Press Release
July 29, 2019

De Lima: No to martial law in Negros Island!

Opposition Senator Leila M. de Lima today vowed to oppose any move to place Negros Island under martial law following the continued spate of killings that left 13 people dead in less than one week.

"Placing Negros Island under martial rule will only lead to the escalation of violence and oppression in the region," said De Lima, a staunch critic of Duterte's anti-drug campaign that has killed thousands of Filipinos.

According to her, the spate of killings has jumped since the government issued Memorandum Order No. 32 on Nov. 22, 2018, deploying additional troops to Samar, Negros Oriental, Negros Occidental, and Bicol Region to help suppress lawless violence.

"Since the issuance of Duterte's directive, the deployment of more policemen and soldiers has resulted in more killings. Killings have even increased and declaring martial law would only aggravate the worsening human rights situation in the region," she added.

Bagong Alyansang Makabayan-Negros Secretary General Michael de la Concepcion raised suspicion that the recent rise of killings in the region is a pretext for a possible declaration of martial law.

It may be recalled that since July 23, at least 13 people were reportedly killed in different towns and cities in Negros Oriental, including human rights lawyer Anthony Trinidad who was killed by still unidentified motorcycle-riding gunmen.

Two days later, armed men barged into the home of school principal Arthur Bayawa in Bgy. Hibaiyo around 1 AM and killed him and his sister Ardale. An hour later, armed men stormed the house of Bgy. Buenavista chairman Romeo Alipan and shot him several times.

Also, Marlon Ocampo and his one-year-old son were killed inside their home in Sta. Catalina, while Fedirico Sabejon, a resident of Siaton town, was also killed in his home the following day.

On July 27, armed men broke into the house of Canlaon City councilor Ramon Jalandoni gunned him down around 12:14 a.m. Two hours later, unidentified gunmen shot dead former Ayungon town mayor Edsel Enardecido and his cousin in Ayungon. Also killed was Ernesto Posadas, barangay captain of Panubigan in Canlaon City.

"Sa halip na sugpuin ang karahasan, lalo pang tumaas ang bilang ng patayan, lalo na sa hanay ng mga nagtatangol sa karapatang pantao at mga Pilipinong walang kalaban-laban," said De Lima, a champion of human rights and social justice.

De Lima, former chairperson of the Commission on Human Rights, reiterated her call for the government to rescind Memorandum Order No. 32, which she blamed for the recent killing spree.

"It seems M.O. 32 is the culprit," she said.

"It's very obvious that Duterte's directive was not to quell insurgency but to silence his critics and dissenters of his flawed policies.

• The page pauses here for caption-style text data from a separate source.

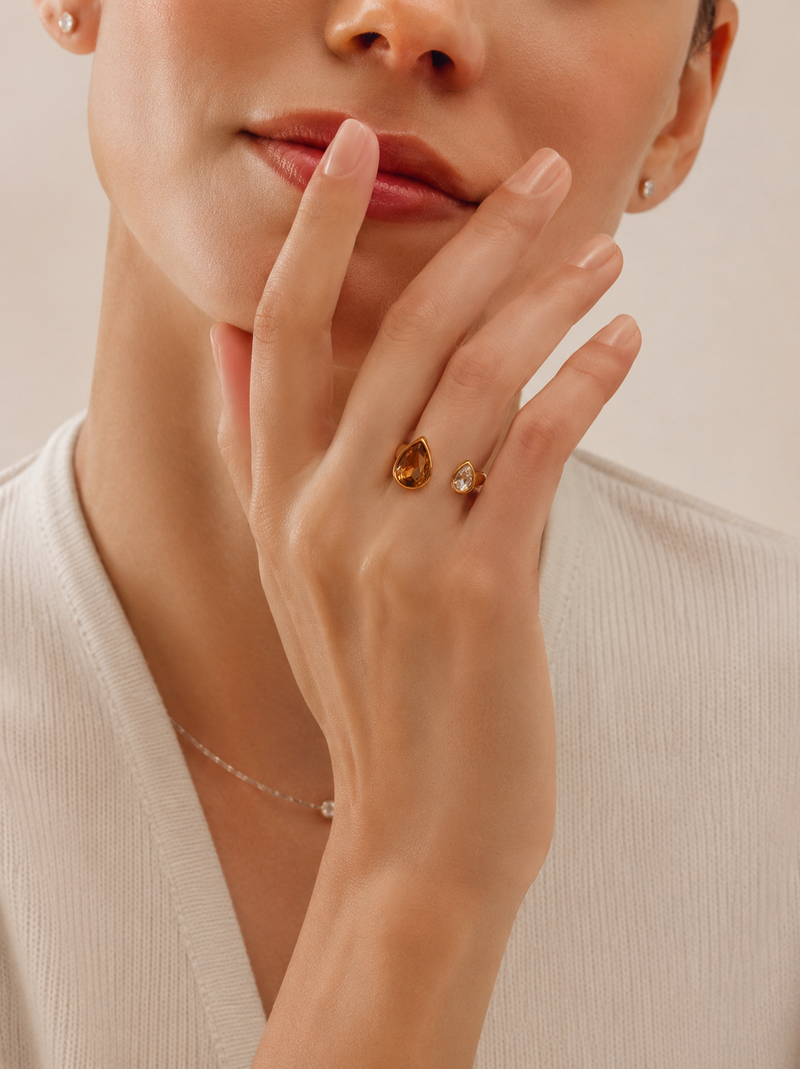 Luxe Brown & White Pear Crystal Style Ring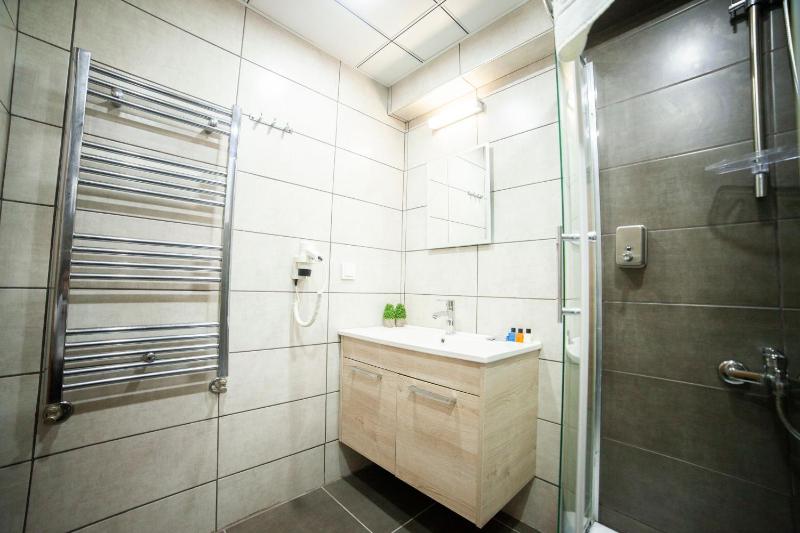 Standard Single Room image 3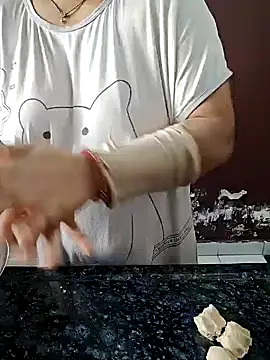 Snapshot of milf-kaira chatting on 01.04.25 milf-kaira online show from 01.04.25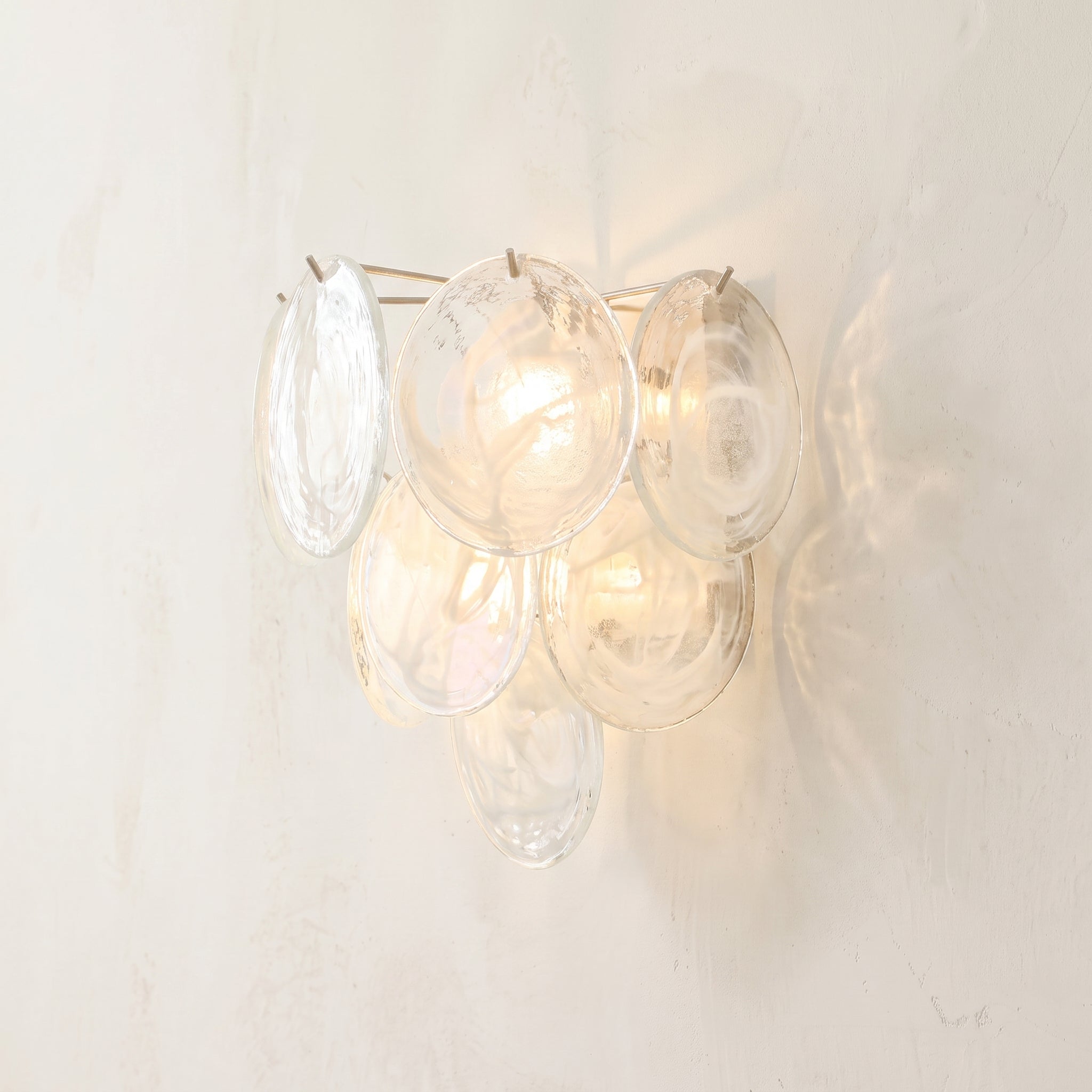 Applique murale Opalina style Murano, disques irisés blancs – LIVO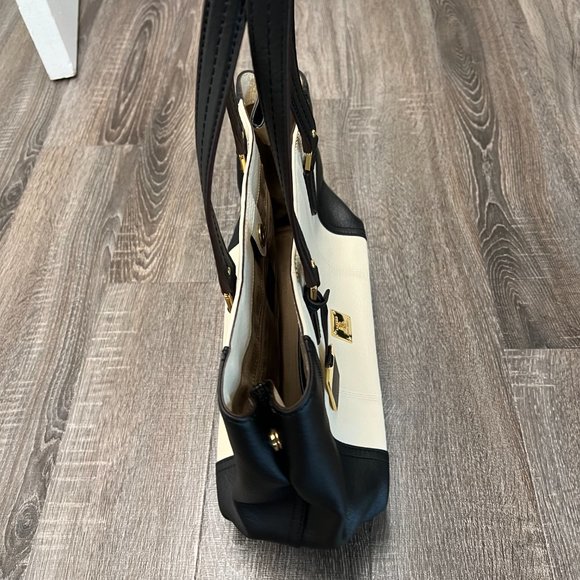 Ralph Lauren Handbag - Picture 4 of 4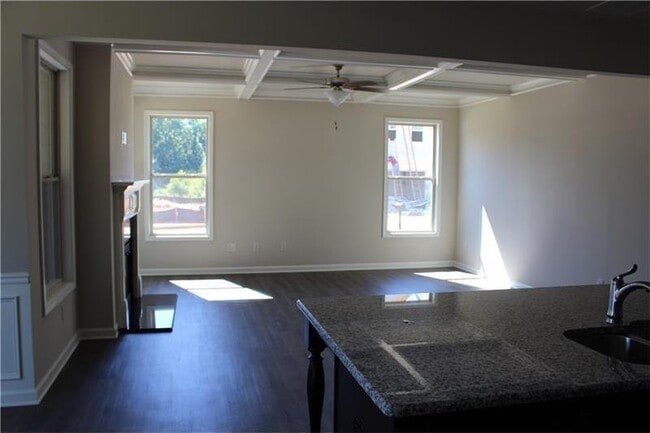 Building Photo - 5297 Castle Shoals Wy'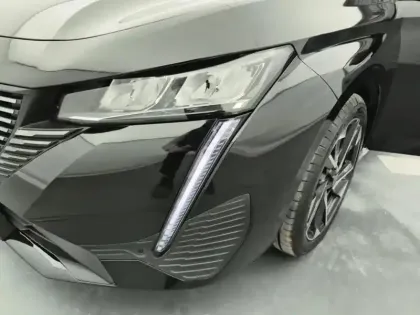 Photo 13 Peugeot 308  PureTech 130ch S&S BVM6 Allure Pack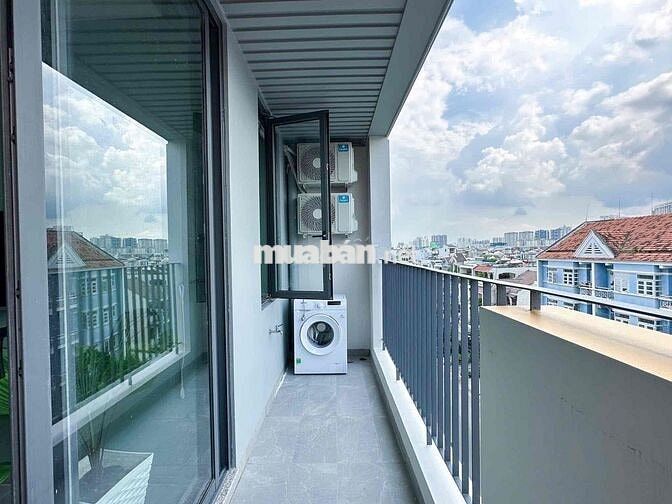 1PN BAN CÔNG LỚN SÁT LOTTE MART Q7. GẦN Q1, Q4 TRUNG TÂM TP HCM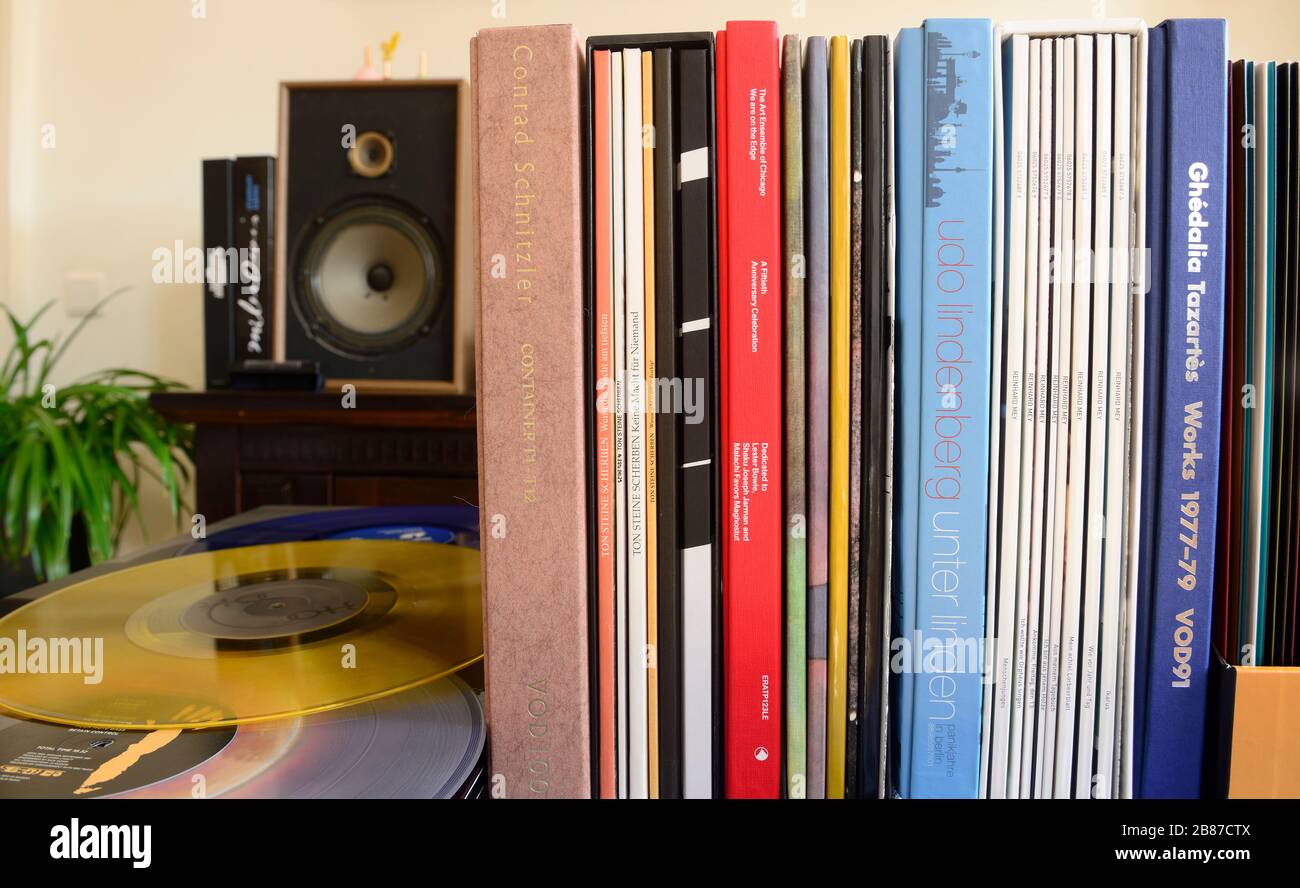 Schallplatten erleben ein Revival, die Nachfrage steigt, und selbst große Label pressen immer wieder Vinyl. Stockfoto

I reiterate my call on our government to withdraw this order and put a stop to these senseless killings," she added.

De Lima has reintroduced her measure seeking to provide much-needed protection for human rights defenders (HRDs) who have been subjected to harassment and intimidation for helping the victims of human rights abuses.

She explained that her Senate Bill No. 179 seeks to institutionalize and enforce state obligations to provide protection to HRDs, and to establish effective legal remedies for violations of the rights of HRDs.

Based on the official records of human rights group Karapatan, at least 134 human rights defenders - and still counting - have been killed since Mr. Duterte assumed the presidency in June 2016.